The release of historic reserve surpluses within each turn of the cycle cushions the impact of softening rates. This cycle is no different, with annual releases continuing to be recognized from an ever depleting pool of reserve surpluses.
However, within this soft cycle, insurers have also benefited from relatively benign loss activity, especially in terms of global catastrophe activity. Since the international catastrophes of 2010 and 2011, results have not in general reflected normalized loss experience, which over the long term will be the measure of rating adequacy.
Reinsurers’ combined ratios in 2013 and 2014 outperformed 2006 and 2007. This was largely a result of the combined effects of reserve releases and a benign loss environment. This occurred despite reinsurance rate declines of approximately 25 percent in the same period.
In addition, insurance carriers have experienced ever escalating regulatory capital requirements. While the increased requirements are less prominent in specialty insurance and reinsurance markets, the escalation is still evident and provides a greater loss absorption capacity than carriers would have had in previous soft cycles.

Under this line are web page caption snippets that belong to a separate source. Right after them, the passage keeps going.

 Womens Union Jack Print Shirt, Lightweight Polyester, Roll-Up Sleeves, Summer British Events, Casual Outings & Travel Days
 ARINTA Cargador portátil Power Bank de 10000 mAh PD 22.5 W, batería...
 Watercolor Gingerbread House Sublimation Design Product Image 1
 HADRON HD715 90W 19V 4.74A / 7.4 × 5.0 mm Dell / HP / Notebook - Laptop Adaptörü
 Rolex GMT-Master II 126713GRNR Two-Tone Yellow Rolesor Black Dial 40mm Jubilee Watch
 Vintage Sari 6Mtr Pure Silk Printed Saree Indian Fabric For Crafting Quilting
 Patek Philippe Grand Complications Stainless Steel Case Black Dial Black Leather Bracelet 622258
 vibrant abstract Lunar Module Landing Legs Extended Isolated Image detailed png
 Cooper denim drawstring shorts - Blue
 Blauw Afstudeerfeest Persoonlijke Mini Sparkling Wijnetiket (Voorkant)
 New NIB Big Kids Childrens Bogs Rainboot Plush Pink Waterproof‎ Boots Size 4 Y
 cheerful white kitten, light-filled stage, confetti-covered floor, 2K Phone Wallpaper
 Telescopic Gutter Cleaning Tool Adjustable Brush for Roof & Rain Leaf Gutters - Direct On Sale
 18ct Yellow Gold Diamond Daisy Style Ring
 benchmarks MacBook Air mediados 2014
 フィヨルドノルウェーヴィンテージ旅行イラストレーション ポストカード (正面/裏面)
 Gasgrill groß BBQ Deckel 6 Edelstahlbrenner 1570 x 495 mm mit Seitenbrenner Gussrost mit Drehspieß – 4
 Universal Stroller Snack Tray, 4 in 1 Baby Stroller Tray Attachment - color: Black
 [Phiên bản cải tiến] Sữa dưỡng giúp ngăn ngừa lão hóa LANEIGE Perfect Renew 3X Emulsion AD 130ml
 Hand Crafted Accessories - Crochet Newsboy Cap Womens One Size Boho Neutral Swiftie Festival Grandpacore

The combined impact of reserve releases, a benign loss environment and more robust balance sheets have helped to cushion the impact of the softening cycle and hence delay the onset of mergers & acquisition (M&A) pressures.
However, these delaying influences cannot be expected to endure. Reserve surpluses are finite, loss activity is unlikely to indefinitely continue at below normalized levels and higher capital requirements reduce operational leverage, thereby placing further pressure on underwriting margins.
It is reasonable to anticipate that the declining rate and low investment yield environments will eventually be realized more fully in financial results. At this time, businesses will face further challenges and consequently may pursue corporate M&A transactions. As such, the inflection point in returns where carriers focus on M&A to address low profits should continue to be relevant. Its full arrival has been delayed so far - with a possible exception in the reinsurer landscape.